Senin, 03 November 2025

Proyek Strategis Nasional Waduk Karian Digadang Majukan Rakyat Alih-Alih Merobek Dan Lukai Hati, Warga Desa Bungurmekar Mendesak Pemerintah Agar Segera Bertanggung Jawab!

BANTEN, HI - Proyek strategis nasional Waduk Karian, yang digadang-gadang membawa kemajuan, justru menyisakan duka bagi warga Desa Bungurmekar, Kecamatan Sajira. Lahan mereka terendam, harapan akan ganti rugi yang adil pun kian menipis. Terbaru, sidang mediasi sengketa lahan antara warga dan Balai Besar Wilayah Sungai Cidanau, Ciujung, Cidurian (BBWSC 3) Banten serta Badan Pertanahan Nasional (BPN) Lebak, yang digelar di Pengadilan Negeri Rangkasbitung pada Senin (3/11/2025), berakhir tanpa titik temu. Kegagalan ini menambah panjang daftar kekecewaan warga yang merasa diabaikan oleh pemerintah.
 
Sengketa ini bermula ketika BBWSC 3 mengklaim lahan milik warga Bungurmekar dengan Nomor Induk Bidang (NIB) 1570 tanpa hak milik yang jelas. Ironisnya, lahan tersebut kini telah tenggelam akibat proyek strategis Karian. Akhirnya, warga pun menggugat BBWSC 3 dan BPN Lebak, pihak yang menerbitkan NIB tersebut, demi mencari kejelasan.
 
Abdurohman, salah seorang warga Bungurmekar yang juga bertindak sebagai Penggugat, mengatakan bahwa gugatan ini bukan inisiatif pribadinya, melainkan atas "arahan" dari pihak BPN Lebak dan BBWSC sendiri.

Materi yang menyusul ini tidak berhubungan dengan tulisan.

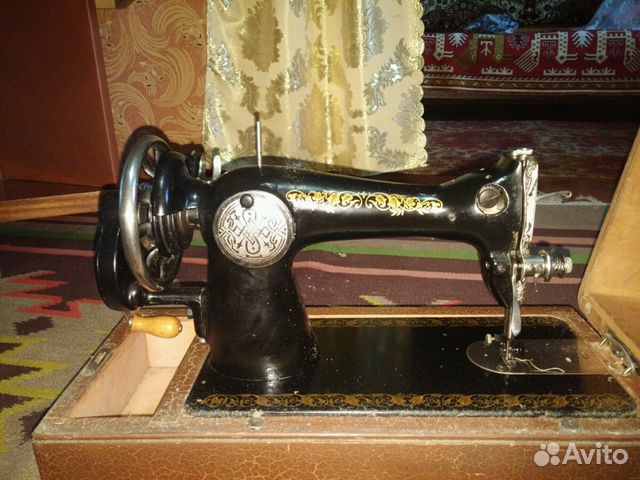 Швейная машинка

Kisah ini bermula dari serangkaian audiensi yang mencapai klimaksnya pada 13 Januari 2025. Saat itu, warga yang merasa aspirasinya tak pernah didengar setelah empat kali bersurat, menggelar aksi demonstrasi di depan Kantor BBWSC 3 Kota Serang.
 
"Setelah aksi tersebut, perwakilan BPN Lebak, Pak Fahri dan Bu Revi dari PPK Kementrian PUPR BBWSC 3, disaksikan pihak kepolisian dan pemerintah terkait, justru 'mengarahkan' kami untuk menggugat ke Pengadilan Rangkasbitung saja," kata Abdurohman kepada awak media usai sidang.
 
Ia juga kemudian mengingat audiensi yang difasilitasi Pemkab Lebak pada 17 Januari 2023 silam yang bernasib serupa. Padahal, tujuannya sama, yakni meminta solusi kepada BPN Lebak dan BBWSC 3 agar NIB 1570 ini segera diselesaikan. Dari situ, berbagai tahapan telah dilalui, namun penyelesaian tak kunjung tiba selama kurang lebih tiga tahun. Bahkan, isu konsinyasi di Pengadilan Negeri Rangkasbitung pun menguap begitu saja karena alas hak warga belum terregistrasi.
 
"Sebelum kami melangkah jauh ke pengadilan Rangkasbitung, kami sudah meminta petunjuk dan arahan dari berbagai pihak, termasuk Pemerintah Kabupaten Lebak yang memfasilitasi pertemuan dengan BPN Lebak dan BBWSC 3 diwakili orang yang sama (Pak Fahri dan Ibu Revi,-red). Tapi, tahap demi tahap sudah dilalui, malah tak terasa sudah kurang lebih tiga tahun kami mencari kejelasan tak tentu arah. Parahnya, kami seolah dibenturkan dengan isu konsinyasi yang tak jelas oleh mereka hingga pada akhirnya ada yang memberikan nasihat agar kami didampingi Posbakum ada di Pengadilan. Karena kami bingung sewaktu gugatan mandiri kami tidak faham, memang waktu itu kami diingatkan oleh Bu Revi untuk tidak memakai pengacara tapi Alhamdulillah bermodalkan SKTM kami bisa didampingi oleh pengacara," lanjutnya.
 
Abdurohman juga menyayangkan sikap Pemerintah karena seakan tidak memberikan dukungan kepada masyarakatnya, bahkan malah seolah dibenturkan dengan aturan yang tak jelas.
 
"Seharusnya masyarakat dibantu secara moril oleh pemerintahnya, bukan malah dibenturkan dengan hukum. Ketika kami akan menempuh jalur hukum, kami meminta bantuan pendampingan hukum kepada pemerintah, tetapi seolah diabaikan dengan alasan tidak ada anggaran. Alhamdulillah setelah ada yang memberikan nasihat, kami didampingi Posbakum di Pengadilan Rangkasbitung. Karena kami bingung sewaktu gugatan mandiri kami tidak faham, memang waktu itu kami diingatkan oleh Bu Revi untuk tidak memakai pengacara tapi Alhamdulillah bermodalkan SKTM kami bisa didampingi oleh pengacara," katanya.
 
Sementara itu, Pegiat sosial, Enggar Buchori, S.Pd, turut menyuarakan keprihatinannya atas sikap BBWSC 3 yang dinilai tidak pro masyarakat, terutama kepada mereka yang awam dengan hukum. 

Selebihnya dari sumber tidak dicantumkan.